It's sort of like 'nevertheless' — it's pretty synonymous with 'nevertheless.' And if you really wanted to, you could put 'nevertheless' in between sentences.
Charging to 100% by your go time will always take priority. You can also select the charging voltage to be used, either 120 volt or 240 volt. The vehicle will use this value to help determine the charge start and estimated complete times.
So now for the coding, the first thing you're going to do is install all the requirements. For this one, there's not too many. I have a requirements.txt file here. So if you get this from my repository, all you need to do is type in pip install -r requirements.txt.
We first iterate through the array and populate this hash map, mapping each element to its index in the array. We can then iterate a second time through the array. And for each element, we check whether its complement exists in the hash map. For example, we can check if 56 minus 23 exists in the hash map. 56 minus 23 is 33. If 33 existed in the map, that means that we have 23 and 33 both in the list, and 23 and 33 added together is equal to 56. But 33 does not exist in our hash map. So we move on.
==
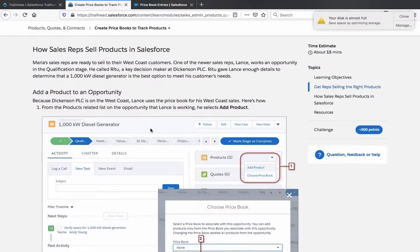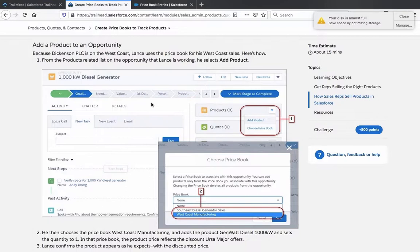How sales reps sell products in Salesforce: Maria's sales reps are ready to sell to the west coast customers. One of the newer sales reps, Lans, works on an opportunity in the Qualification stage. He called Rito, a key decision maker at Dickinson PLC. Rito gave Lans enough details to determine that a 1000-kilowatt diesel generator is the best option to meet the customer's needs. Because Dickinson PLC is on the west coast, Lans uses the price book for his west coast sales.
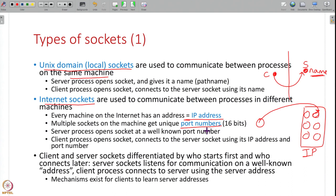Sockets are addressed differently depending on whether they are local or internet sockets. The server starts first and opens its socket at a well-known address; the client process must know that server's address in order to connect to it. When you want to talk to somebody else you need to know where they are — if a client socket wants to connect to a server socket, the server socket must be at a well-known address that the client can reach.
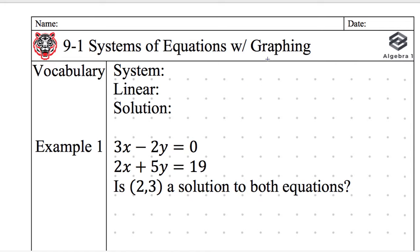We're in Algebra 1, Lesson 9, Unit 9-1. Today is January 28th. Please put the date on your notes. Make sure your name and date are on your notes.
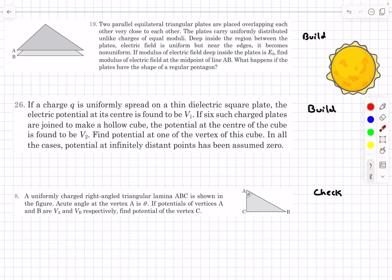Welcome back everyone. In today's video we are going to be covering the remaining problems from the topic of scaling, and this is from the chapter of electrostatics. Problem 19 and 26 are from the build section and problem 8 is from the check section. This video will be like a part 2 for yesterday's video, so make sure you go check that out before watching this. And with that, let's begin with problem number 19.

- **What you are asked to do**:
Of the lines above, copy only those from the one holding "We're in Algebra" to the one holding "Welcome back everyone.", both included, and exclude every image.

- **Solution**:
We're in Algebra 1, Lesson 9, Unit 9-1. Today is January 28th. Please put the date on your notes. Make sure your name and date are on your notes.
Welcome back everyone. In today's video we are going to be covering the remaining problems from the topic of scaling, and this is from the chapter of electrostatics. Problem 19 and 26 are from the build section and problem 8 is from the check section. This video will be like a part 2 for yesterday's video, so make sure you go check that out before watching this. And with that, let's begin with problem number 19.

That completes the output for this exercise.